As for evidence, archeologically we know about the Thule people (ancestors of today's Inuit), whose culture is first found in the Chukchi Peninsula (Asian side of the strait) and the Bering islands around 200BC, and spread eastward across the strait and clear to the Atlantic Coast of North America.

Linguistically there appear to be no less than 3 waves of immigration that occurred across the strait (4 if you count the Inuit). Genetic studies show at least 2 (3 if you count Inuit), with the Na'Dene people almost certainly having come over after the land bridge submerged 15,000 years ago. Thus boats would have been required.

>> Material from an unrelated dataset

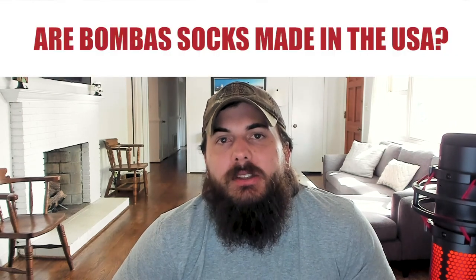Next: are Bombas socks made in the USA? The answer is no — most of their socks are not made in the USA. They are typically made in Taiwan, China, and Peru. They have a few American-made styles, but honestly I think you can find much better options out there.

Genetic flow over Beringia enter image description here

Present-day distribution of Na'Dene enter image description here

For these reasons, very few scholars still argue that the only immigration from Asia to the Americas happened over an Ice Age land bridge.

Upvote:5

I recently read a book, Across Atlantic Ice: The Origin of America's Clovis Culture that purports to challenge the foot traffic in two ways - first that ancient peoples were far more handy on boats than current thought, so a foot path isn't needed for them to spread, and second that evidence for passage from the Bering area is fairly thin in the period where land bridge was in place. They then try to show that the Clovis point culture has links to Europe and evidence seems to show that it spread from East to West.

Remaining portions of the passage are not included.